Python: how to check the URLs of a sitemap

In this article, we will explain how to check that all URLs in a sitemap are live using Python.

The Google sitemap is an important tool to ensure that search engines crawl all pages of the website correctly. However, a sitemap does not guarantee that all URLs are up and running properly. In this article, we will explain how to check that all URLs are live using Python.

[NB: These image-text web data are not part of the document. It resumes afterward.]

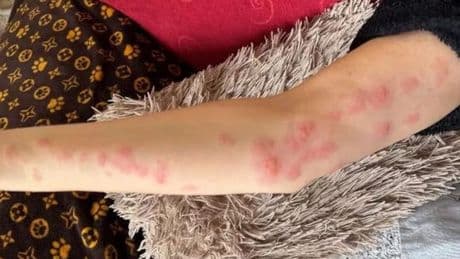 Woman covered in agonising burns after wholesome day picking blackberries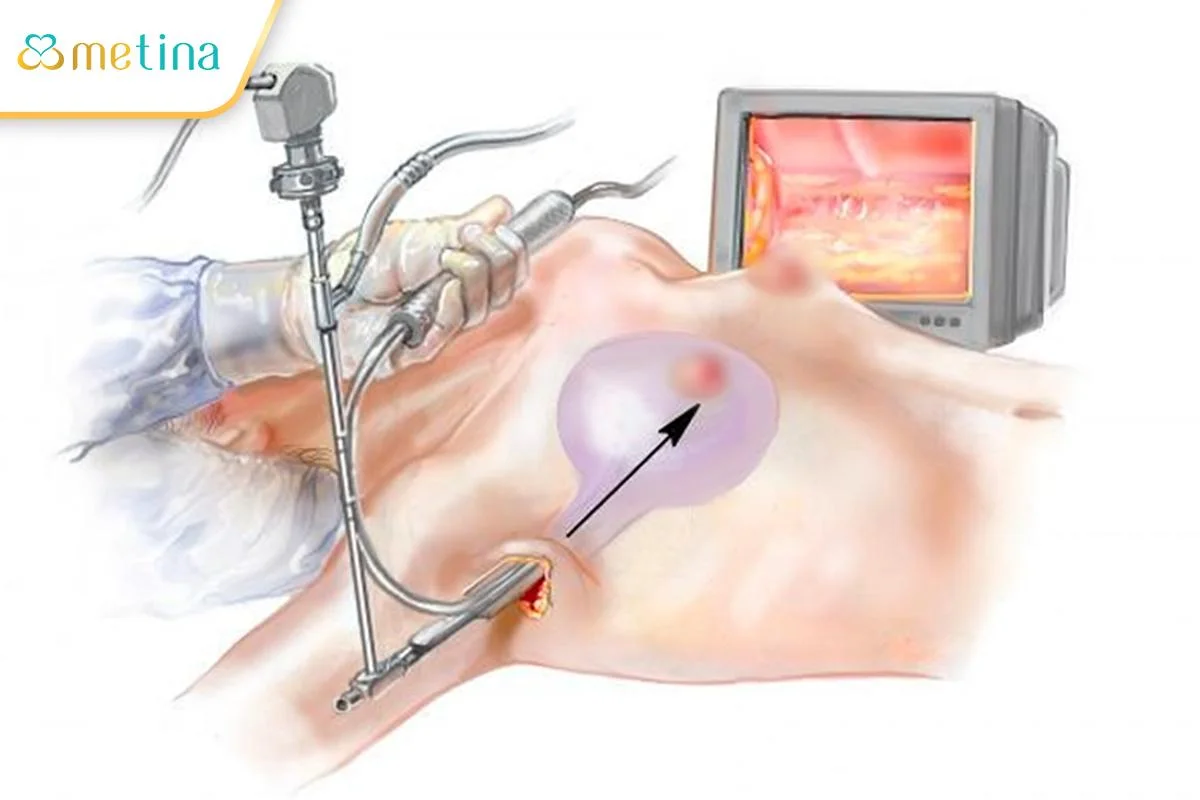 Nâng ngực nội soi sử dụng thiết bị chuyên dụng có gắn camera để đưa vào khoan... - Dr. Châu Thanh Phong - Thẩm mỹ 3 vòng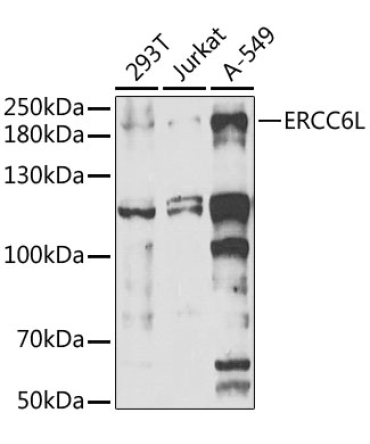 ERCC6L Rabbit Polyclonal Antibody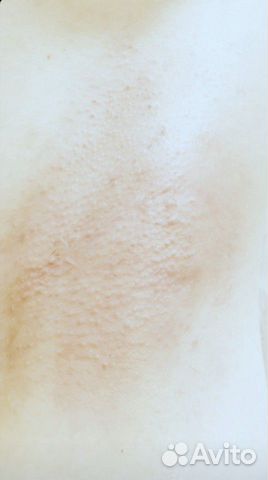 Шугаринг, Воск (Куркино, Химки) Шугаринг, Воск (Куркино, Химки)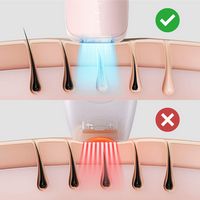 Ulike - Ice Cooling At-Home Hair Removal Device Air 3 - Pink - Alternate Views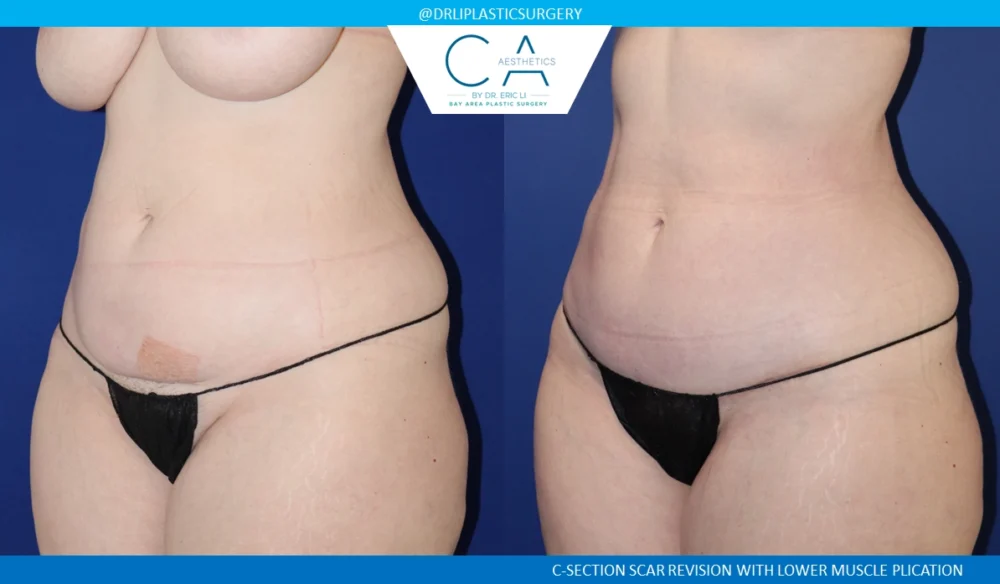 Tummy Tuck case #8694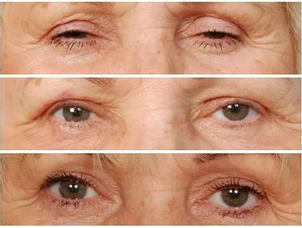 Žena, 68 let, střední ptóza bilat. Foto: Před operací, 1 týden a 3 měsíce po operaci. (shora)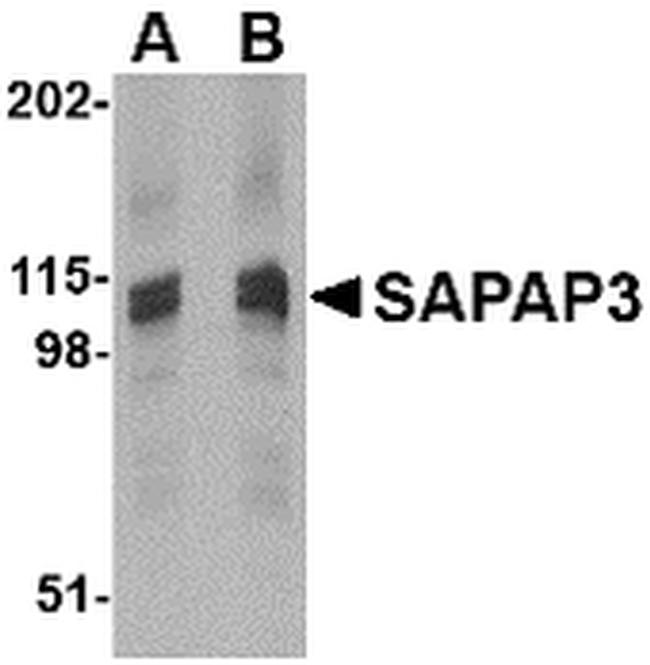 SAPAP3 Antibody in Western Blot (WB)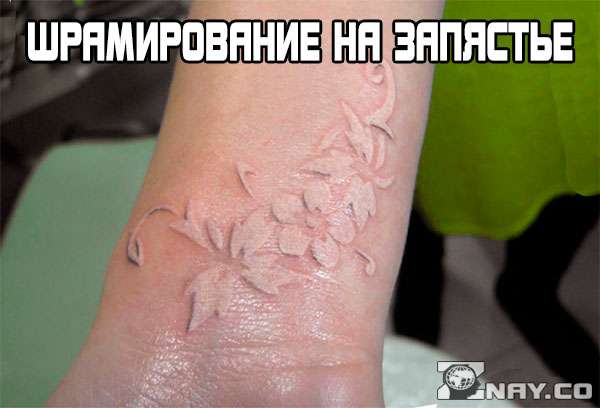 Шрамирование на запястье руки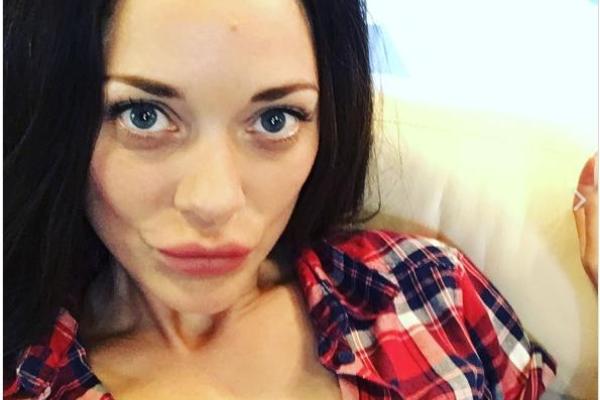 Популярная актриса шокировала фанатов своими губами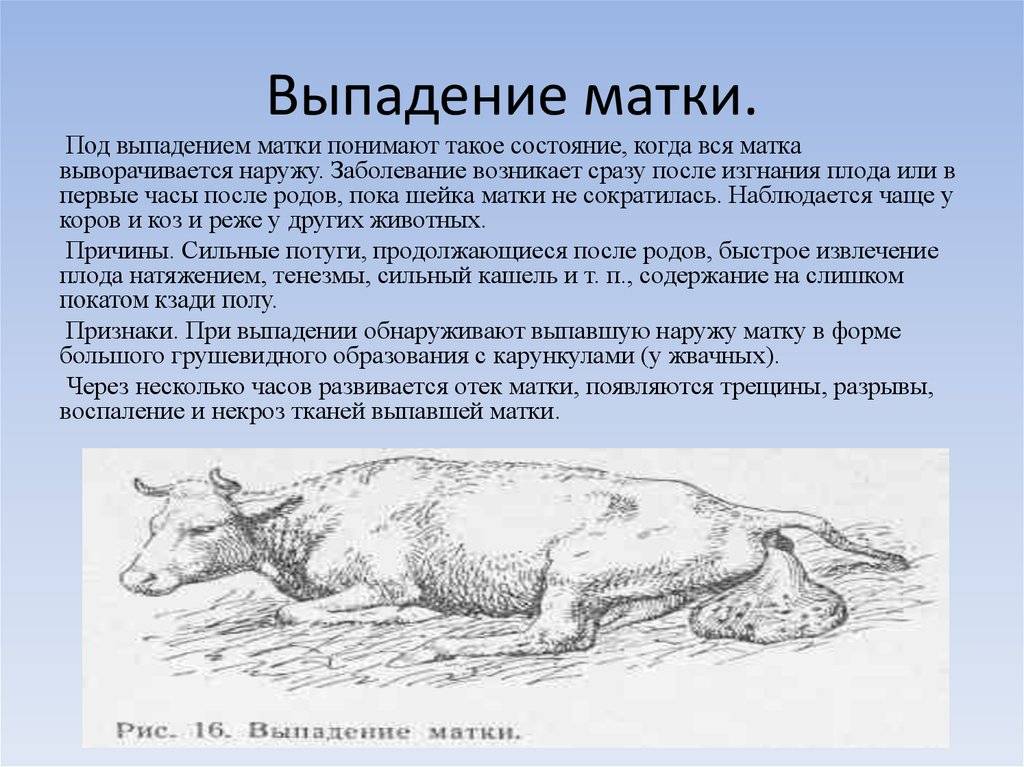 Пролапс матки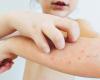 Measles outbreak ends in Fredericton area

The first step is to import the necessary libraries. In particular, we will use the requests and lxml libraries to make HTTP requests and parse the XML sitemap.

import requests
from lxml import etree

After importing the libraries, we download the sitemap and parse the XML file using etree. We can do this using the following function:

def get_sitemap_urls(url):
    try: 
        resp = requests.get(url)
        tree = etree.fromstring(resp.content)
        return [loc.text for loc in tree.findall('{*}url/{*}loc')]
    except requests.exceptions.RequestException:
        return []     

This function takes the URL of the sitemap as an argument and returns a list of all the URLs in the sitemap. The function uses the requests library to make the HTTP request to the sitemap and the lxml library to parse the XML content of the sitemap.

At this point, we can use the requests library to make an HTTP request to each sitemap URL and verify that the response status code is 200, indicating that the page is active. We can do this using the following code:

def check_urls(urls):
    for url in urls:
        resp = requests.get(url)
        if resp.status_code != 200:
            print(f"URL {url} is down (status code {resp.status_code})")
        else:
            print(f"OK {url}")     

This function takes as argument the list of URLs returned by the get_sitemap_urls() function and uses the requests module to make an HTTP request to each URL. If the response status code is not 200, the function prints a message indicating that the URL is down, otherwise it informs that the request was successful.

sitemap_url = "https://nodejstutorial.it/sitemap.xml"
sitemap_urls = get_sitemap_urls(sitemap_url)

if len(sitemap_urls) > 0:
    check_urls(sitemap_urls)
else:
    print("Request error.")    

In this example it is important to note that this solution only works for XML sitemaps. If you are using a sitemap in a different format, such as an HTML sitemap, you will need to adapt your code accordingly.

In conclusion, verifying that all URLs in the sitemap are active is an important step to ensure that search engines crawl all pages of the website correctly. Using Python and the requests and lxml libraries, you can automate this process and quickly verify that all URLs are up and running correctly.